MoveOn is one of the largest groups in a coalition of more than 50 organizations that have banded together to stop AOL's e-mail scheme. This week, the diverse collection -- it spans the partisan spectrum, and includes many non-political groups -- launched a Web site at dearaol.com to collect signatures of people opposed to the idea. Some critics of the plan threaten dire consequences for AOL if it goes ahead with certified e-mail. Pratt, of Gun Owners of America, says his group would call for a boycott of the company to protest the move. On Tuesday, Markos Moulitsas Zuniga, who runs the lefty political blog Daily Kos, suggested that he might block AOL users from his site as punishment for its e-mail idea.
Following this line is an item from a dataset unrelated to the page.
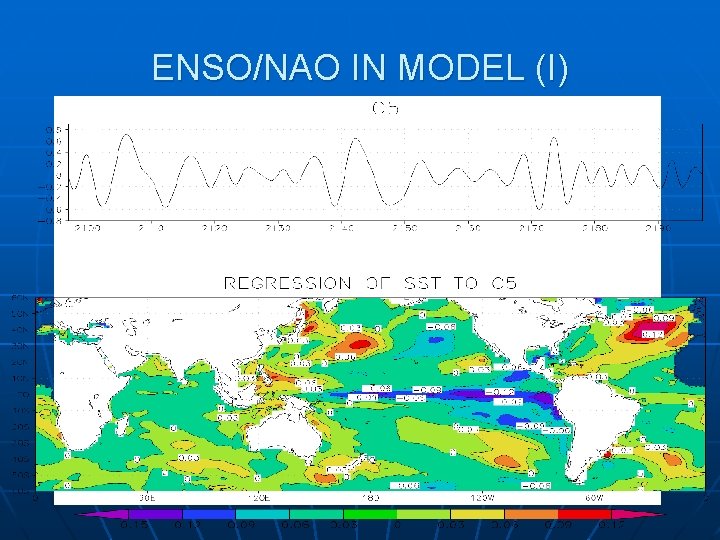 ENSO/NAO IN MODEL (I)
Despite the coalition's rhetoric -- the use of the word "tax" appears to be deliberately misleading -- it's not clear that AOL's plan would gravely threaten e-mail. In fact, it may improve it. The groups opposed to the program offer what amounts to a hypothesis rather than a certainty: They outline a scenario in which, under certain circumstances, AOL's plan could result in the end of e-mail as we know it. Indeed, there is some truth to their hypothesis that, if not closely monitored, AOL's plan could prompt the giant Internet service provider to reduce the amount it invests in keeping free e-mail working effectively. On the other hand, the danger of breaking e-mail already seems moot. If you've got to spend much of your time and mental energy on the lookout for dangerous messages lurking in your daily flood of mail, isn't e-mail already broken?